At WWDC 2017 Apple released first Core ML. Core ML is Apple’s machine learning framework for doing on-device inference. Core ML is not the only way to do on-device inference, there are tens of libraries and frameworks that are compatible with iOS, but that’s beyond the scope of this article. From the YOLOv7 official repository, we can get the export script to convert trained PyTorch model to Core ML format effortlessly. However, keep one thing in mind, YOLOv7 is a popular open source project, new changes and updates are added very quickly. I’m also very glad to send a PR to improve the export script last night due to this writing 😃.
After you got the exported Core ML models, no kidding, you have tons of things in your todo list. Matthijs Hollemans has already written an insightful article in his blog, be sure to checkout and support his efforts! Here is my short list:
- Configure your Core ML model in a particular way. You can either append NMS to your model or write a lot of additional Swift code. IMHO, this is the most difficult part if you know nothing about the object detection model.
- Specify camera resolution, don’t simply select the highest resolution available if your app doesn’t require it.

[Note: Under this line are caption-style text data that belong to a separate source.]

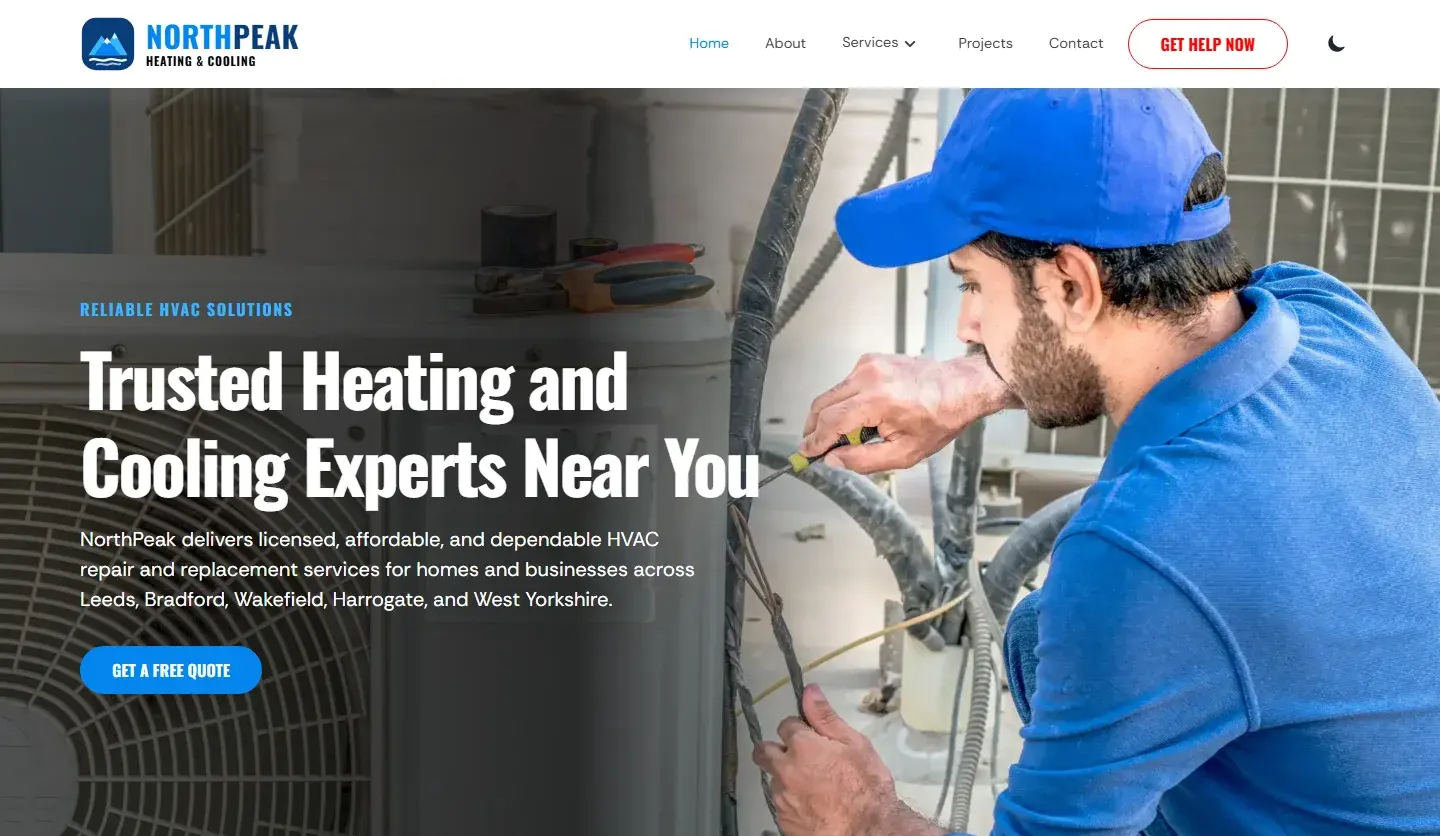 NorthPeak Heating & Cooling website homepage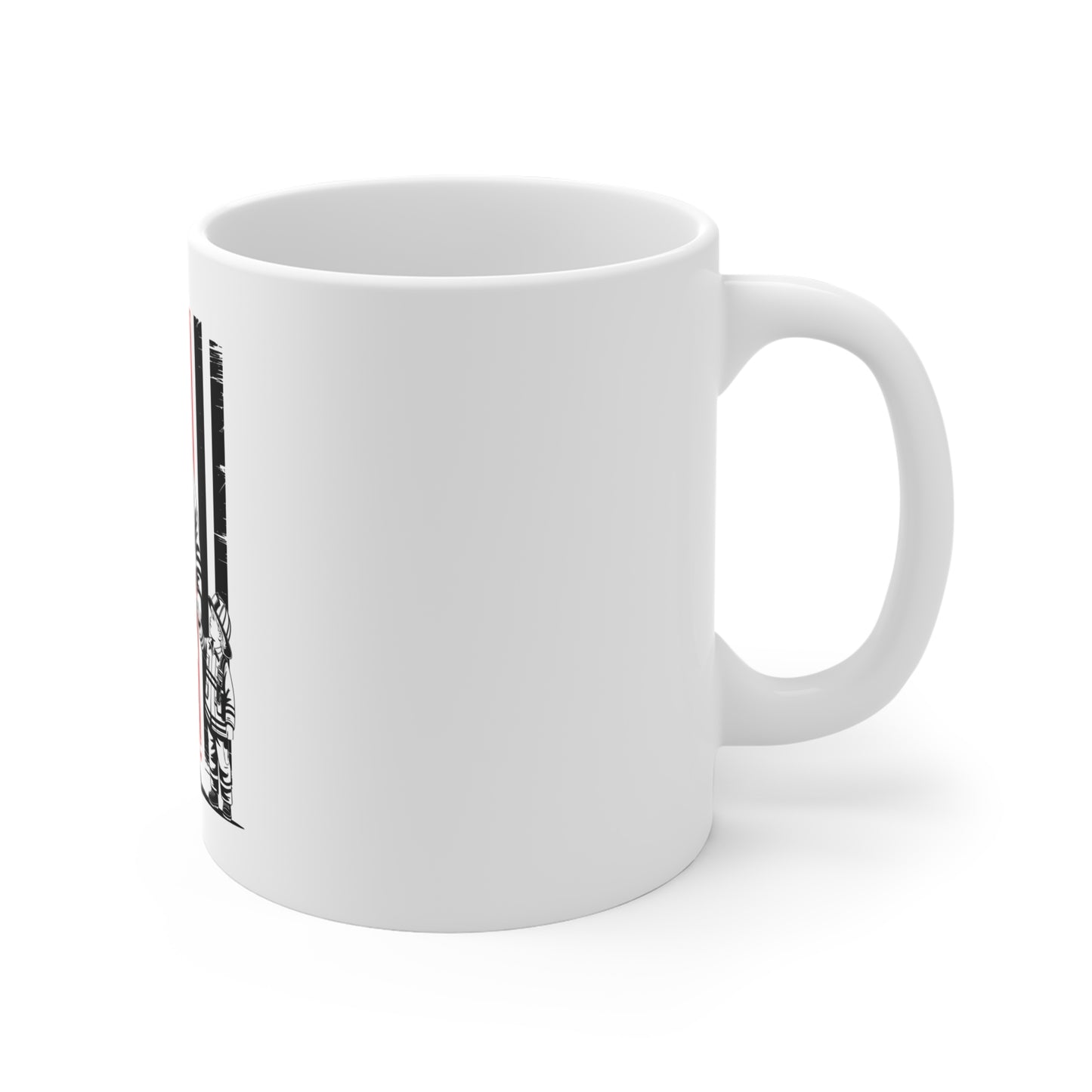 Firefighter American Flag Mug – Thin Red Line Fireman Coffee Mug – Patriotic Firefighter Tribute Cup – USA Hero Mug Mug 11oz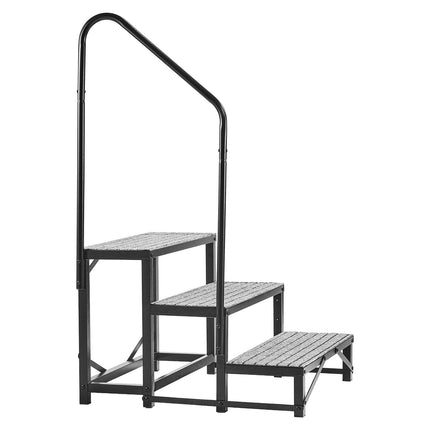 RV Steps With Handrail, 3-Step Steel, 660 lb Non-Slip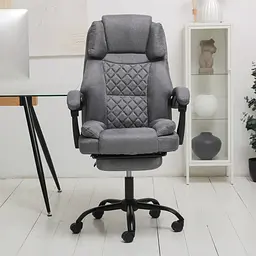 Крісло комп'ютерне DEXON ELITE з тканини з підставкою для ніг Cірий - мініатюра 14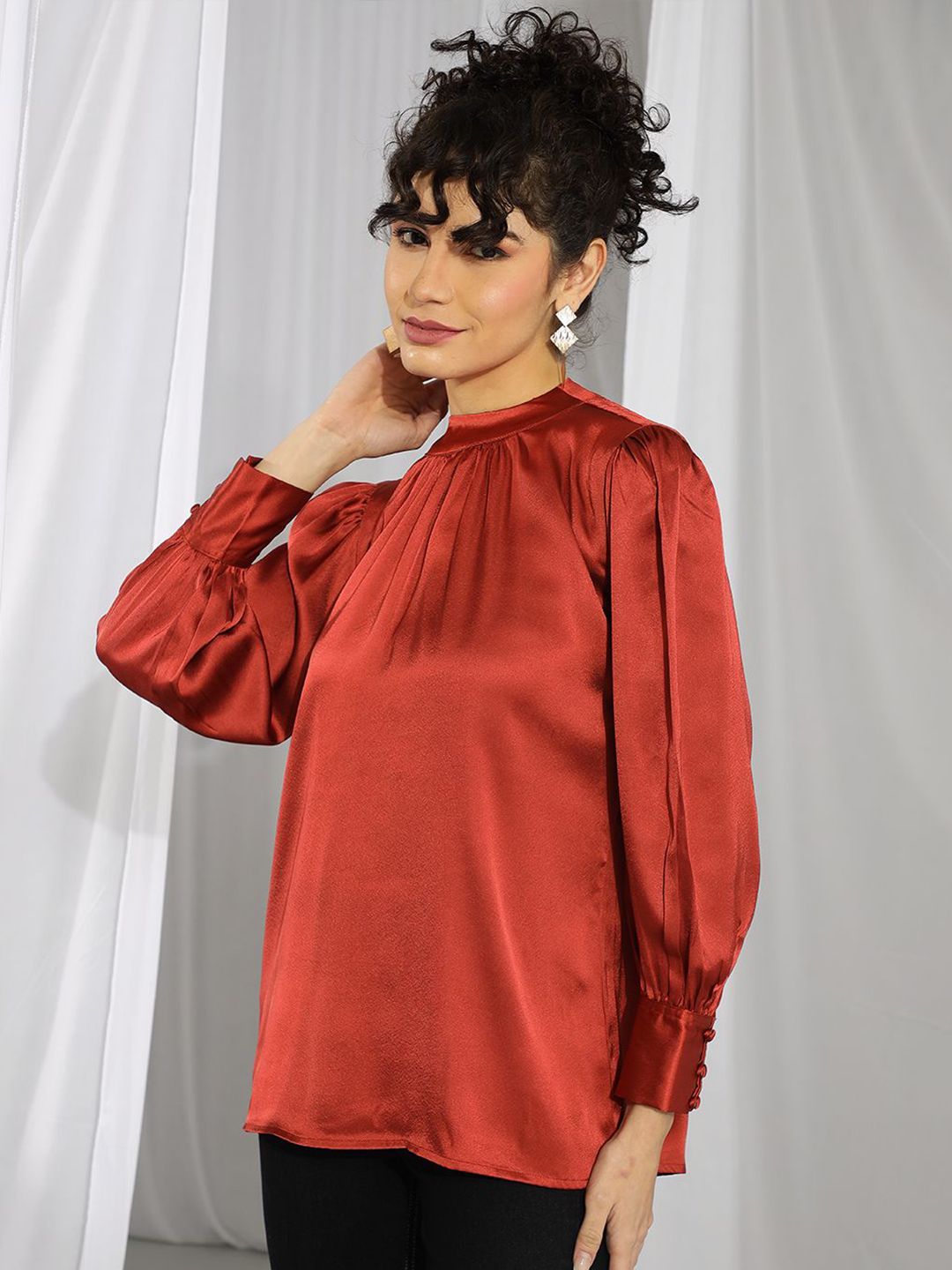 Kotty Women Satin High Neck Cuffed Sleeves Top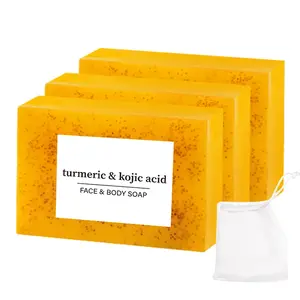 Turmeric Soap Bar, 3 Counts Deep Cleansing Skin Soap, Moisturizing Soap for All Skin Types, Body Wash & Cleansers for Women & Men, Acne, Body Cleansing Products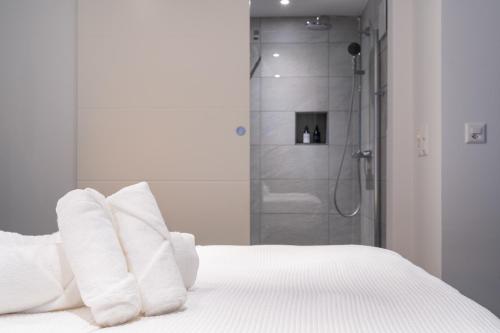 图恩LOFT am See - dein Zuhause direkt am Wasser - self checkin - Bitcoin accepted的白色的床、白色枕头和淋浴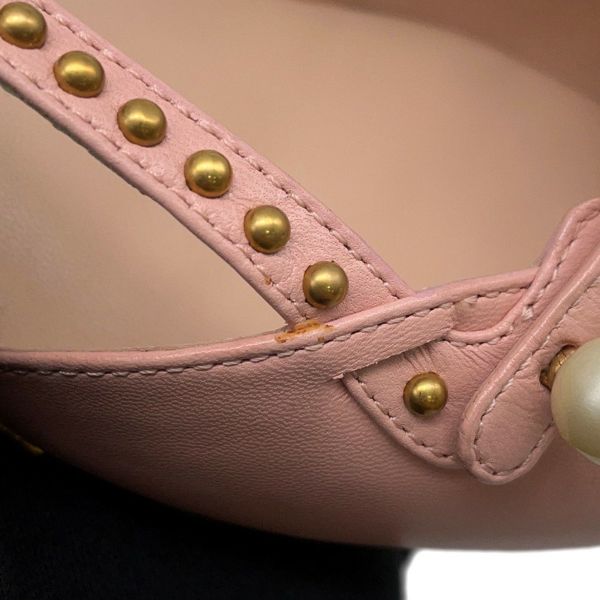 グッチ ミュール バンブーヒール ハート フェイクパール レディースサイズ 34 1/2 GUCCI パンプス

- Resize or crop your input image to fit network input dimension, it depends on your application.
- Feed modified images to your model in a correct orientation.
- Fix Vision’s weird orin.
- Convert bounding boxes coordinate system for display. This is also a trickier part, you need some iOS development experiences and a pencil for calculation 😎.
According to Hollemans’s article, there are at least 5 different coordinate systems you need to take care, not to mention how to handle real-time capturing correctly and efficiently is also non-trivial. You can follow these two articles to learn how to create a custom camera view.
At the latest WWDC 2022, Apple introduced even more performance tools to its CoreML toolchain, now you can check your model’s metadata via performance reports and Core ML Instrument without writing any code. You can also use computeUnits = .cpuAndNeuralEngine
if you don’t want to use the GPU but always force the model to run on the CPU and ANE if available.
You can learn more about ANE from the following repository, thank you again Hollemans.
Here are snapshots from my model’s performance reports.
There is no significant inference speed differences among quantization models, but the model size only about half the size. It’s a good thing for your mobile applications.
Finally, you have a working YOLOv7 Core ML model on the iOS devices, be careful of the heat🔥. Happy coding!
Any opinions expressed are solely my own and do not express the views or opinions of my employer.